The combined fees were "more than 200 times the next highest fee ever paid for the use of the Palace of Fine Arts," the lawsuit claims.
Schon complains that his filming permit cost $25,000, far more than the filming of "Dawn of the Planet of the Apes," which cost only $1,200. Payments to the city, including for filming permits, ended up being nearly $240,000.
City officials set the fees "without regard to any guidelines set forth in city ordinances," the Schons say.
They claim the defendants "unlawfully used (their) unfettered discretion to arbitrarily discriminate against plaintiffs based simply on who they are, their perceived economic status, and their exercise of their free speech rights."

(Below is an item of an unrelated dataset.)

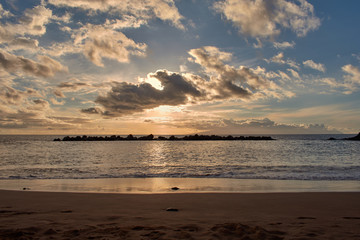 views from Tenerife beach of a sunset behind the island of La Gomera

The Schons also claim the city did not allow them to take photographs in front of the Palace of Fine Arts, and that officials wouldn't let them use a room in the old Exploratorium that they named "Sexy," to fit their theme of "Royal, Sexy, Magic."
"Defendants expressed distaste for the stated theme of the room and concern that the room would suggest profane or pornographic thematic elements," the complaint states. That violated their First Amendment rights, the Schons say.
"Neal and Michaele Schon suffered emotional distress," the complaint states. "Plaintiffs should have been excited and happy in the days leading up to their wedding. Instead, they were being extorted by defendants. Plaintiffs felt they had no choice but to pay the illegal fees defendants demanded days before their wedding was to take place."
The Schons seek declaratory judgment and punitive damages for constitutional violations and discrimination.
They are represented by James Quadra, with Quadra & Coll.